> _Data segment_:
==============================

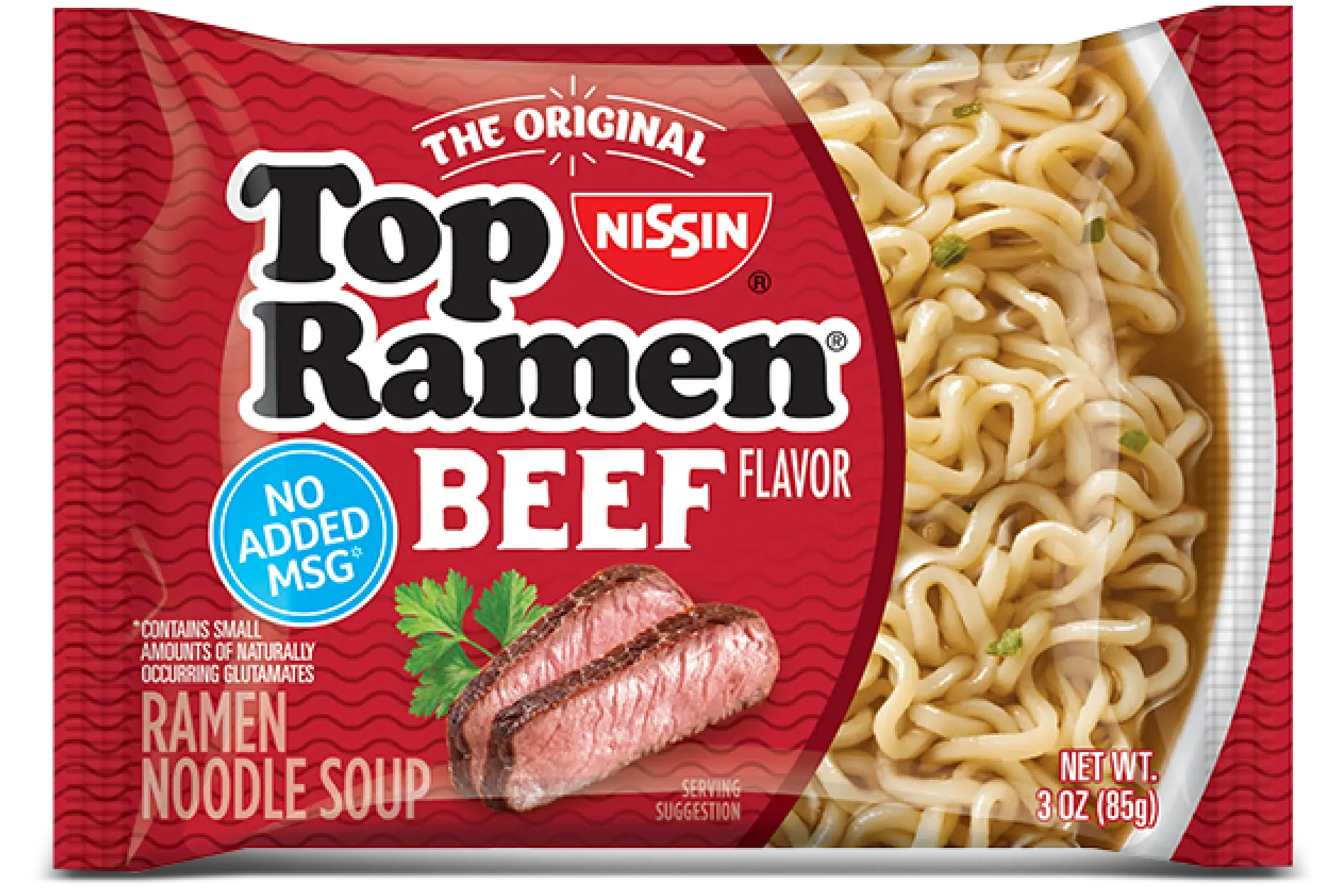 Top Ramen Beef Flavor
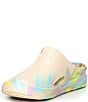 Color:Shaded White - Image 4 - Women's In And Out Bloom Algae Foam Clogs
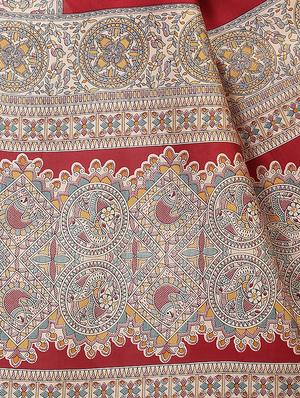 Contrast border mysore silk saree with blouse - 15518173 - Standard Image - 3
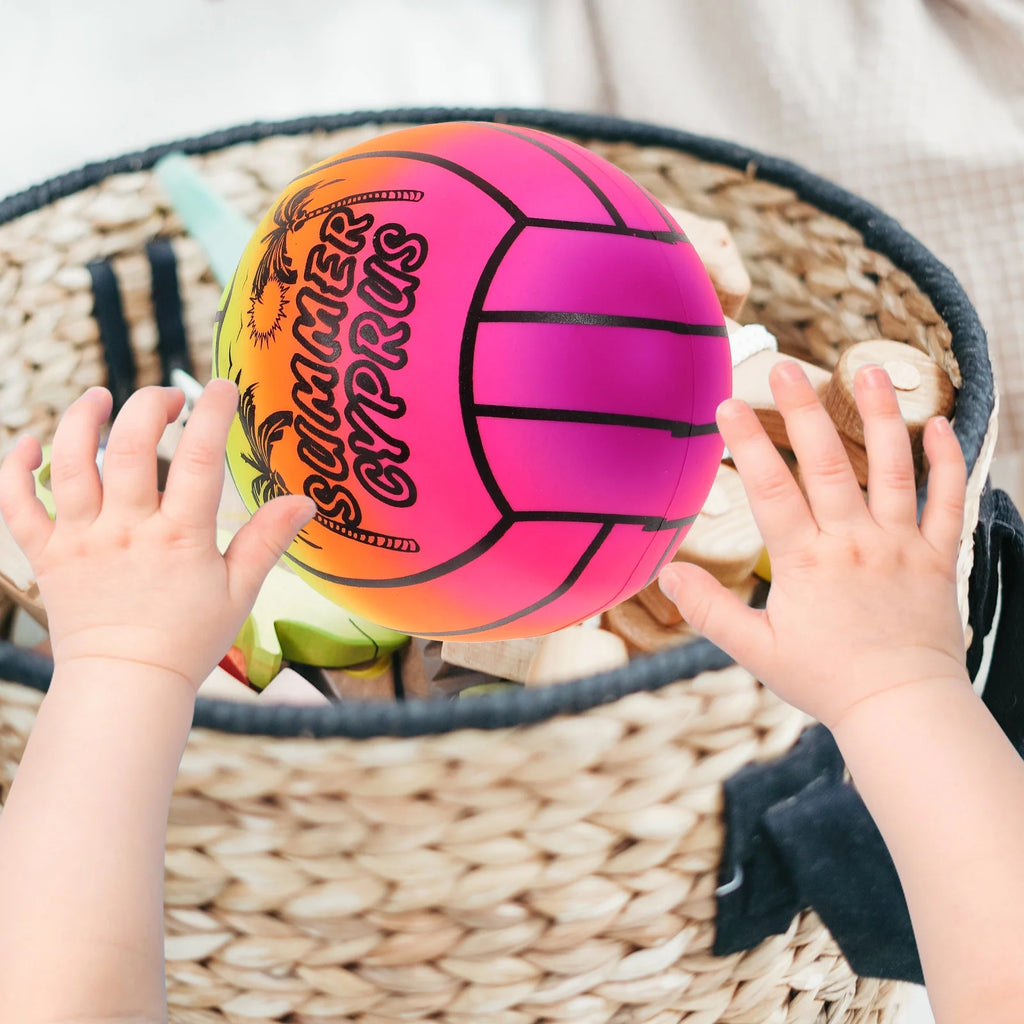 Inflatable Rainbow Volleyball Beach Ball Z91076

==============================

Copy out exactly, without any pictures, the lines above that begin at the one with "Color:Shaded White - Image" and end at the last line of the listing.

 Color:Shaded White - Image 4 - Women's In And Out Bloom Algae Foam Clogs
 Contrast border mysore silk saree with blouse - 15518173 - Standard Image - 3
 Inflatable Rainbow Volleyball Beach Ball Z91076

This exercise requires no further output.